Ron Paul added to Louisiana presidential ballot

When Louisiana voters go to the polls to chose a president on Nov. 4, they will find a name on the ballot many might not expect – Ron Paul.

Louisiana will be only one of two states where voters will have the opportunity to pull the lever for Paul, a congressman from Texas who ran unsuccessfully for the Republican presidential nomination.

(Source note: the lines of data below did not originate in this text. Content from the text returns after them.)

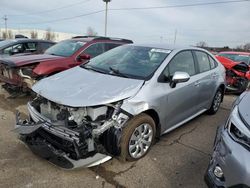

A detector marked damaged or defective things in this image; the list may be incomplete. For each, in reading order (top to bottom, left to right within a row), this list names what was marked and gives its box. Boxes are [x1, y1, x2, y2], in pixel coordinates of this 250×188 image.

crushed hood [32, 66, 145, 107]
exposed wheel [207, 88, 223, 114]
front bumper damage [14, 103, 115, 169]
damaged front end [14, 96, 131, 168]
exposed wheel [119, 113, 156, 162]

Paul built a wide coalition of grass roots support that helped him raise tens of millions of dollars for his campaign.

Paul has been added to the Louisiana ballot on the top of the Louisiana Taxpayers Party ticket with Barry Goldwater, Jr., a former Republican congressman from California and the son of the late Barry Goldwater, the Republican presidential nominee in 1964.

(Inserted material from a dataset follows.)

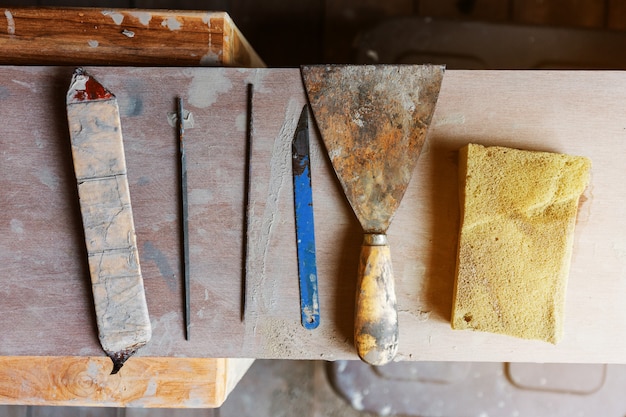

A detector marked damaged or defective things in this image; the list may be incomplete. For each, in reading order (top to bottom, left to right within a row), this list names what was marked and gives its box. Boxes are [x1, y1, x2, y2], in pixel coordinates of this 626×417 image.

rusted metal surface [298, 65, 442, 234]
rusty putty knife [300, 64, 442, 364]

Paul and Goldwater are on the ballot due partly to the efforts of an Alexandria man, Brent Sanders.

Sanders, a Republican who ran unsuccessfully in the past as a Libertarian for both the U.S. House of Representatives and the Louisiana House of Representatives, helped create the Louisiana Taxpayers Party to place Paul on the ballot.

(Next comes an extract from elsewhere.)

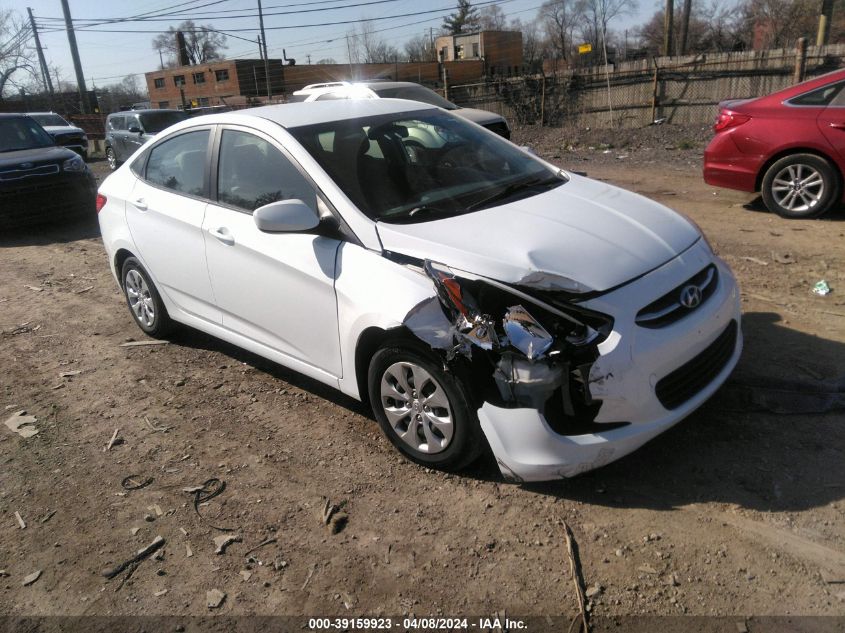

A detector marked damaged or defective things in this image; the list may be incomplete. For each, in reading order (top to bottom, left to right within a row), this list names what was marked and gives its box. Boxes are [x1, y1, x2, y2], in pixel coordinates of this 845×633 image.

crumpled hood [376, 173, 700, 292]
damaged front bumper [478, 246, 740, 478]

“There was a whole group of people who worked on it, not just me,” Sanders said. “I’m just located in the center of the state, so all the assets are sent to me and I distribute them.”

Those assets include Paul yard signs, bumper stickers and other paraphernalia, he said.

Louisiana is one of few states where no signatures are required to access the ballot.

All that is required for a candidate to appear on the ballot is nine notarized elector forms — one from each Congressional District and two at-large — and a $500 filing fee.

Montana, where the Constitution Party broke with the national party’s nomination of Chuck Baldwin and placed Paul on the ballot, is the only other state where voters will be able to choose Paul for president.

Sanders doesn’t believe either Republican John McCain or Democrat Barack Obama will move the country in the right direction.

Even if Paul can’t win, the creation of the Louisiana Taxpayers Party will be a force to help shape future elections, he said.

“Right now it happens to be Ron Paul, but in the future it might be another candidate and we will have a structure in place,” Sanders said. “This is not about party. This is about supporting the (U.S.) Constitution and the republic — it’s leave your party at the door.”

Trent Hill, a Paul supporter who lives in Baton Rouge, who was also involved in the effort to get him on the Louisiana ballot, hopes Paul will make a strong enough showing in Louisiana to command attention.

“If he scores a couple of percentage points, it will show that we want more choices that are more conducive for liberty,” he said.